In one instance, ROM 201 may be a computation framework designed to simplify complex systems by reducing the number of variables or equations needed to accurately represent the system's behavior. ROM 201 may take input from various sensors that monitor the operational parameters such as force, position, load severity, and soil conditions. These inputs may be processed using pre-defined physics-based equations, like those representing wear volume rate to predict the wear of components.

In another instance, ROM 201 may integrate machine-learning techniques to enhance its ability to predict component wear. By utilizing machine-learning algorithms, the ROM 201 may analyze vast amounts of real-time sensor data to identify patterns and correlations. The machine-learning algorithms may be trained on historical performance data, learning to recognize how variations in operating conditions influence wear rates. By continuously learning from both historical and real-time data, the ROM 201 with machine-learning algorithms can make precise predictions.

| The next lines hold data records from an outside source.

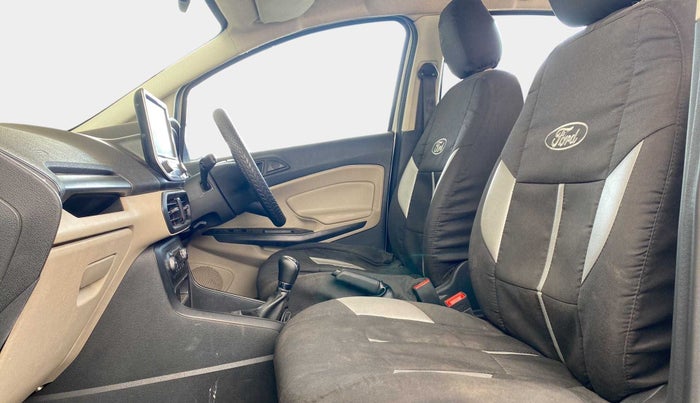 2020 Ford Ecosport TREND 1.5L DIESEL, Diesel, Manual, 47,638 km, Right Side Front Door Cabin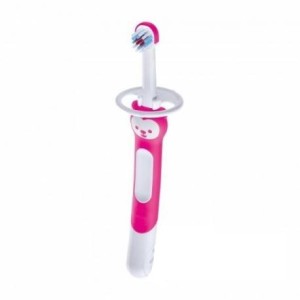 Mam Spazzolino Rosa Training Brush 5M+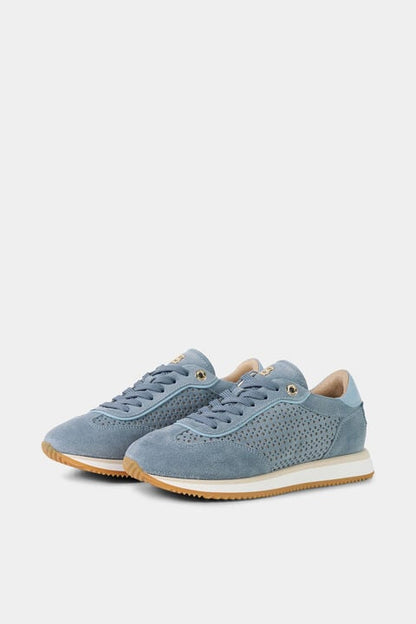Padua Trainers In Light Blue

In one instance, ROM 201 may compare real-time sensor data (e.g., field position data 203, force data 205, and soil condition data 207) with historical performance data to identify deviations that indicate changes in performance and predict wear rates. In one example, ROM 201 may analyze field position data 203 to assess performance, detect mechanical strain, and predict wear rates by understanding the spatial positioning of components over time, leading to improved maintenance and operational efficiency. In one example, ROM 201 may analyze the force data 205 to assess the stress levels and mechanical strain on the components, which are indicators of performance degradation or wear. In one example, ROM 201 may leverage soil condition data 207 by incorporating it into predictive algorithms, allowing for a more accurate estimation of the wear of machine components. For example, machine-learning models within the ROM 201 may analyze historical data to determine how different soil types impact wear rates, adjusting predictions based on the specific conditions encountered. By processing these data, ROM 201 may estimate wear volume rates, and predict the remaining useful life of the components. This enables the system to generate more accurate predictions of wear and may facilitate timely maintenance.

In one instance, ROM 201 may operate in a continuous feedback loop to accurately predict wear on components through a sequence of interconnected processes. The loop may begin with a wear energy calculation 209 receiving sensor data. In one example, the sensor data may include: (i) force data indicating normal force applied to the components, (ii) speed data indicating the speed at which the GETs slide over the ground surface, (iii) material property data of the GETs, and/or (iv) soil condition data including soil type, density, or moisture content. The wear energy calculation may estimate the energy exerted in the component during an operation based on sensor data. This energy calculation may be fed into a morphing tool 211, which simulates how the component's geometry changes due to wear over time. The morphing tool 211 dynamically adjusts the geometry of the components to reflect wear progression. This worn geometry is then fed back into the wear energy calculation, updating the model with the new physical shape of the component. This continuous loop may allow ROM 201 to refine its predictions, accounting for the evolving state of the component.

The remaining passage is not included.